Quella piccola Porta di pietra che chiude, o apre secondo le autentiche vocazioni di una Porta, Via Garibaldi, rappresenta la vera sinéddoche della città di Rimini, è la parte che sta al tutto. Amputata delle sue articolazioni anatomiche-urbane, pelata e ripulita da sembrare soffice e mangereccia come un dolce di Natale o più semplicemente “cinematografica”, pronta per essere smontata sasso per sasso con la forza agile di uno Steve Reeves in un Maciste o Ercole anni Sessanta trasformandoli in proiettili contro i cattivi, questa Porta si rivela come un’autentico ready-made; è quel famoso gesto provocatorio del maestro dadaista Marcel Duchamp, ormai lo sanno persino gli studenti dell’Accademia di Belle Arti, che consisteva nell’esporre nello spazio sacrale riservato all’arte oggetti d’uso quotidiano, utensili e varie banalità. Vista sotto quest’ottica l’operazione in sé non sarebbe molto malvagia ma purtroppo questo montaggio Lego restituito alla città esibisce il fatidico vessillo del “com’era dov’era”, insieme a tutta la filosofia che contiene: simultaneità di spazio e di tempo annullando la durata che modifica inevitabilmente tempi e luoghi. Se fosse un oggetto spaesato, racchiuso in una scatola di cristallo, sapientemente illuminato nella notte accentuandone l’aspetto fantasmatico, se avesse le caratteristiche distratte dell’objet trouvè, del reperto, del frammento che sta ad un’unità perduta, se l’operazione fosse stata quella di radicalizzare il teatro, la scena, di accentuare scenograficamente l’impossibilità di ricomporre l’infranto, di spingere la finzione sin dentro il suo linguaggio con sobrietà estetica quasi minimalista avremmo potuto dire: ecco una scelta coraggiosa. E invece al finto c’è chi ci crede veramente, o ipocritamente, e purtroppo questo sarà, è scritto, il destino di Rimini: l’Italia in miniatura e i set felliniani quali riferimenti di fondazione. Poi l’orrore urbanistico dell’altrove che circonda il nucleo storico sarà psicanaliticamente risarcito dal ritornello del com’era dov’era, sponsorizzato magari da qualche illuminato e “acculturato” immobiliarista.

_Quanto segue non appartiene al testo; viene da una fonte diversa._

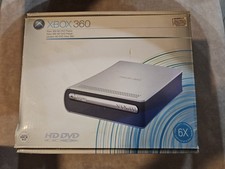Xbox 360 HD DVD Player w/ Original Box HD DVD Movie NO Remote OEM...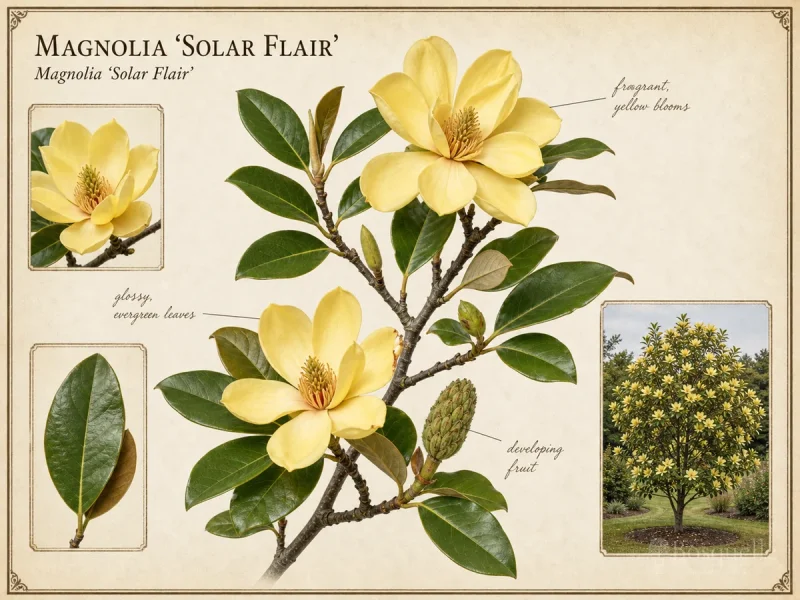 Magnolia ‘Solar Flair’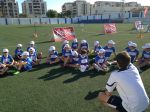 Campus Enjoy Sporting de fútbol en inglés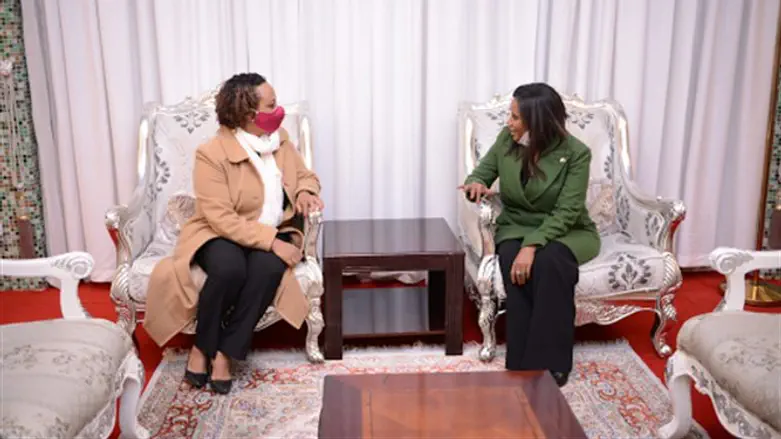 Aliyah Minister in Ethiopia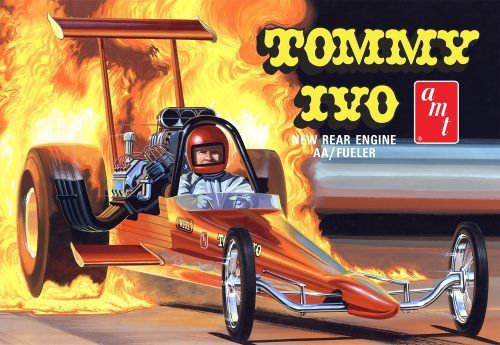 AMT 1/25 Tommy Ivo Rear Engine AA/Fueler Dragster Model Kit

Nel romanzo di Sebastiano Vassalli 3012, scritto nella metà degli anni Novanta, viene descritta una città, la favolosa Fellinia, la più grande illusione dell’Evo antico. Rimini è tutta lì, e la si sta costruendo proprio così. Anzi è già così.
Mi sono spedito una cartolina un mese fa da Milano e dopo l’indirizzo ho scritto 47900 Fellinia. Provate anche voi.